Background

Colorectal cancer (CRC) is the third most frequent cancer and one of the main causes of cancer-related death [1]. In 2016, there were 1,700,000 new CRC cases and 830,000 deaths attributed to CRC worldwide [2]. Although treatment strategies, such as immunotherapy, chemotherapy and targeted agents, have been developing rapidly in recent decades, the prognosis of CRC is still unsatisfactory [3,4,5]. It was reported that the 5-year overall mortality rate was 65.0–70.0% for stage III CRC patients [6, 7]. Compared to patients without metastasis, the survival outcome of metastatic CRC patients was worse, with a 5-year survival rate of only 14.0% [8]. A previous study analysed 374 stage IV CRC patients and suggested that synchronous metastatic CRC patients had worse 3-year survival (33.0%) than metachronous CRC patients (54.0%, P = 0.0038) [9]. The incidence of synchronous distant metastasis was reported to be increasing in the latest study, with rates of 15%-20% in CRC patients [10, 11]. Survival of patients with distant metastasis significantly affects the organization of individualized treatment. Thus, studies focusing on survival estimation of initial stage IV CRC are urgently needed.

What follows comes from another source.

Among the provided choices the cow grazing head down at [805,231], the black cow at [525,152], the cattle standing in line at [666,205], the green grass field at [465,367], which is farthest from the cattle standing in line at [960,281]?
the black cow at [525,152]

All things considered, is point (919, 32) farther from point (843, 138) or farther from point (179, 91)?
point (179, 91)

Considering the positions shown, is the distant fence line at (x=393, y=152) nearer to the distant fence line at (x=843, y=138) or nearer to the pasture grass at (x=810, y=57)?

Various prognostic factors for stage IV CRC patients have been investigated in previous studies. Several demographic and clinicopathologic variables were proven to be independent prognostic factors: age at diagnosis [11], tumour size [12], lymph metastasis [12], resectability [12], and chemotherapy treatment [10]. Carcinoembryonic antigen (CEA) levels and primary tumour sites were reported to be associated with the survival of CRC [9, 13]. In a multicentre register study comprising 9624 stage IV CRC patients, a prognostic scoring system was established based on eight independent prognostic factors. The total score was ranged from 0 to 9, and higher scores indicated poorer survival [9, 13].

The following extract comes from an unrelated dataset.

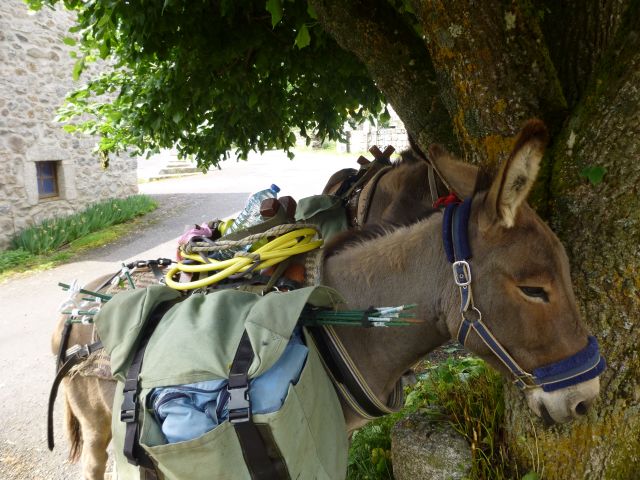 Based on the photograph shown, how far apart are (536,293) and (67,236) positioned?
10098mm

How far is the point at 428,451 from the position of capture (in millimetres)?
2607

Nomograms are widely used as graphical prediction models, by which survival predictive points can be calculated based on the predictors [15]. Several prognostic nomograms for stage IV CRC have been constructed in recent years [16,17,18]. Based on 1133 stage IV CRC patients who received curative resection, nomograms to predict disease-free survival (DFS) and overall survival (OS) were constructed [16]. However, only four predictors (T stage, N stage, postoperative CEA and metastatic organs) were included in the models, which led to potential inaccuracy. In 2019, Hua Ge et al. reported a nomogram to predict OS in CRC patients at M1 stage [17]. Several social characteristics and tumour-related variables were included in the nomogram. Nevertheless, neither serum CEA level nor the performance of adjuvant treatment (radiation and chemotherapy) were included as predictors, which are widely considered independent prognostic factors for CRC patients [13]. Another SEER-based study enrolled 2996 CRC patients with stage IV disease, and a predictive nomogram was constructed [18]. External validation was performed based on a Chinese cohort with high discrimination (C-index of OS: 0.657; 95% CI 0.544–0.770), which indicated good transportability of the nomogram [18]. However, the nomogram was used to predict the survival of patients who underwent both primary and metastatic resection. A nomogram including as many necessary predictors as possible is urgently needed to accurately estimate the current survival of stage IV CRC.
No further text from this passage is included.